Selon Jean-Pierre Bouchard, psychologue et criminologue, "il y a (...) trois profils différents qui se dégagent, trois mobiles différents et trois histoires différentes, même si on peut trouver quelques points communs : le rôle joué par un embryon d'idéologie religieuse dans l'attaque commise dans un commissariat de Joué-lès-Tours et dans une moindre mesure, dans celle survenue à Dijon, et un mode opératoire similaire à Dijon et Nantes", déclare-t-il à l'AFP. L'expert estime aussi que "les auteurs des attaques de Dijon et de Nantes n'ont pas agi pour les mêmes raisons", soulignant que l'homme de Nantes a "pu vouloir se suicider dans un baroud d'honneur, en fonçant dans la foule".
Le phénomène de mimétisme : pas impossible
Dans l'attaque perpétrée à Dijon, l'assaillant, qui a prononcé un "Allahou akbar" n'avait pas eu connaissance de l'agression des trois policiers au commissariat de Joué-lès-Tour, selon le parquet. Le suspect de Nantes a-t-il, lui, voulu copier l'attaque de Dijon ? L'enquête le déterminera. A l'heure actuelle, rien ne l'indique, mais les spécialistes n'écartent pas totalement cette thèse. "L'hypermédiatisation de Dijon a pu influencer une sorte de mimétisme", explique le psychiatre Roland Coutanceau au Parisien (article payant).
"Le mimétisme est une façon d'exister", précise Gérard Lopez, psychiatre et fondateur de l'institut de victimologie de Paris, interrogé par L'Express.fr. "Il y a eu un battage médiatique autour du drame de Dijon et on y participe tous. On n'a pas arrêté d'en parler : cela peut inciter. Tous les impulsifs qui ont une personnalité fragile peuvent être tentés de sauter le pas, cela peut même devenir une épidémie." Une position qui n'est pas partagée par Roland Coutanceau : "Il faut être prudent sur une comparaison des affaires. Et, rassurons-nous, la médiatisation d’un acte hors norme n’a pas d’effet épidémique. Cela dit, on ne peut pas exclure que la diffusion en boucle d’un tel acte dans les médias agisse comme un vecteur d’excitation, un ingrédient supplémentaire pour celui qui aurait décidé d’agir. Comme un élément catalyseur de sa détermination."

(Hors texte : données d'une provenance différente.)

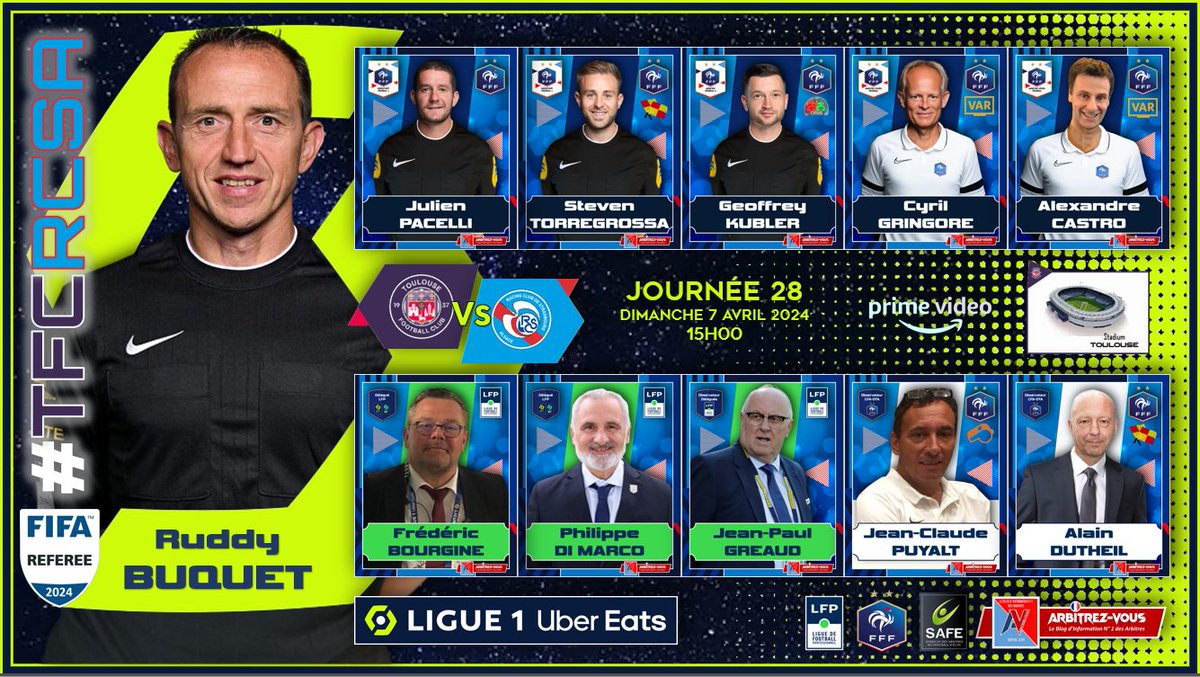 🐓 #FFF #LFP #Ligue1UberEats - Journée 28
#⃣ #TFCRCSA
⚽️ @ToulouseFC  🆚 @RCSA 
🗓️ 07/04/2024
🕖 15H00 CET
🏟️ Stadium - TOULOUSE
📺 @PVSportFR

@ArbitresSAFE @FFF @deux_zero @lequipe @Ligue1UberEats @LFPfr @Ladepechesports @lalsacesports @LesVioletsCom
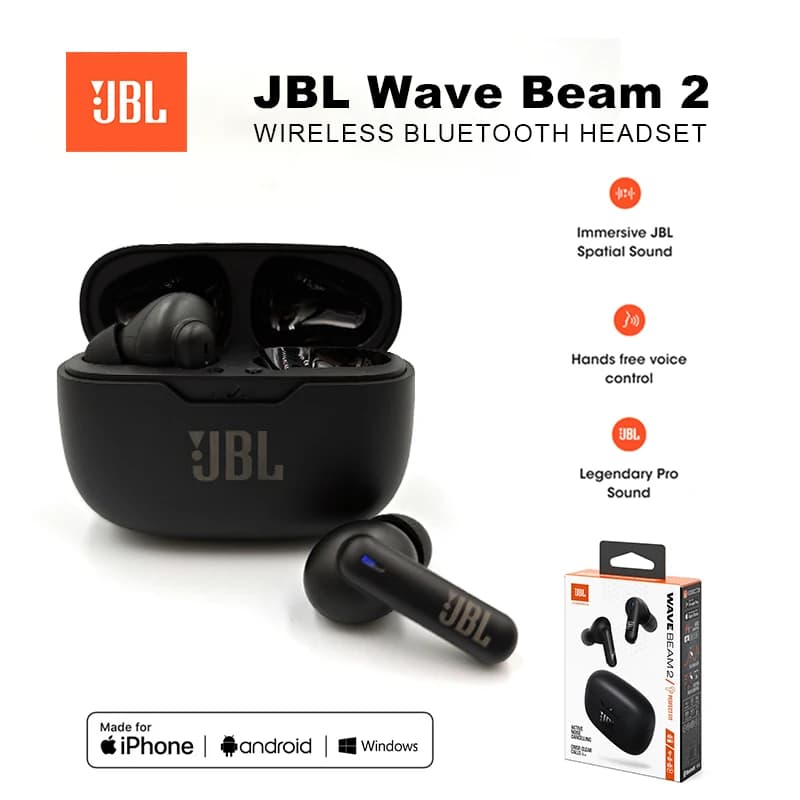 JBL Wave Beam 2 TWS True Wireless Earbuds Bluetooth Earphones Bass Sound Sports Earbuds Sports Headphones Wave Beam2 With Mic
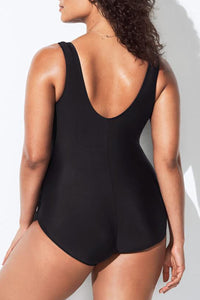 Solid Color U Neck Padded Plus Size One Piece Swimsuit - KaleaBoutique.com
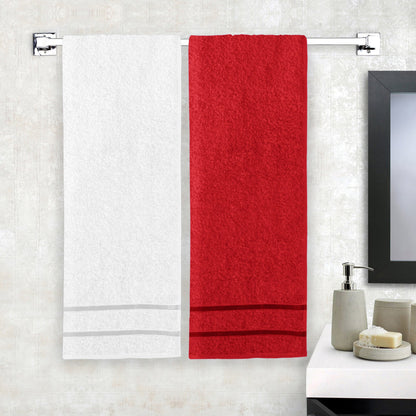 Story@Home 2 Units 100% Cotton Bath Towels - White and Wine Red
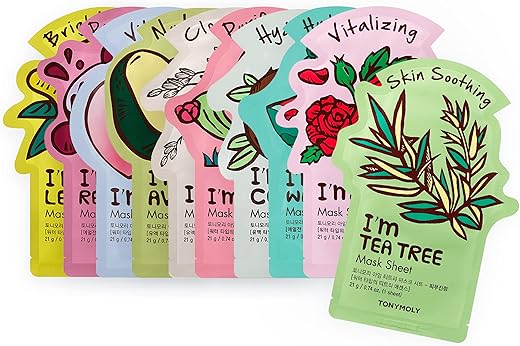 Máscara Facial I’m Real, Pacote com 10 – Hidratação e Nutrição | Marca TONYMOLY - TONYMOLY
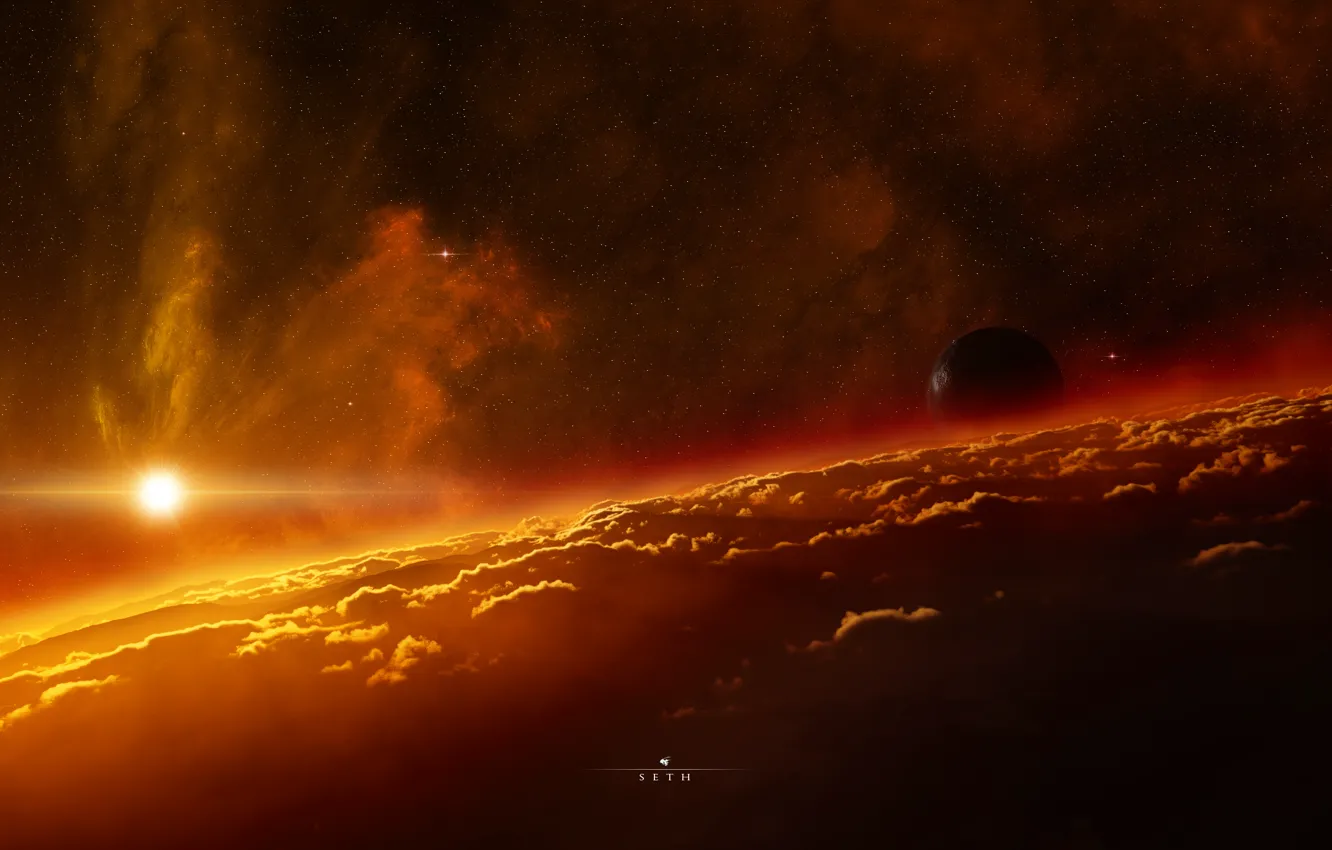 Photo wallpaper the sky, the sun, stars, clouds, light, planet, the atmosphere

La loi des séries : elle n'existe pas
En matière de faits divers, on invoque souvent, à tort, la loi des séries. Il faudrait plutôt parler de concours de circonstances et de probabilités que des faits plus ou moins similaires se produisent de façon rapprochée dans le temps. Les exemples sont nombreux : des crashs d'avions en 2005, des accidents de train durant l'été 2013, de nouveaux crashs d'avions à l'été 2014... On l'évoque aussi parfois lorsque les circonstances des faits sont similaires : enfants oubliés par leurs parents dans des voitures, attaques de chiens dangereux, etc. La loi de la probabilité explique ces coïncidences temporelles : il y a X risques que tel événement se produise à l'instant T.
Lorsqu'un drame est mis en lumière, les médias et le public ont tendance à plus se focaliser sur cet événement. S'il se reproduit, on aura tendance à se dire "un malheur n'arrive jamais seul". Mais il ne s'agit que d'un ressort psychologique qui attire notre attention et nous rend plus réceptifs à l'événement. "[Dans] cette démarche de répétition naît un effet de sens : en assimilant deux occurrences, en reliant deux faits, on fait naître du néant une loi des séries ou une forme de fatalité qui confère une signification autrement plus importante à des événements en soi peu importants", expliquent Annik Dubied et Marc Lits dans Le Fait divers (éd. PUF, 1999). En d'autres termes, nous créons une forme de cohérence entre des faits qui ne le sont pas.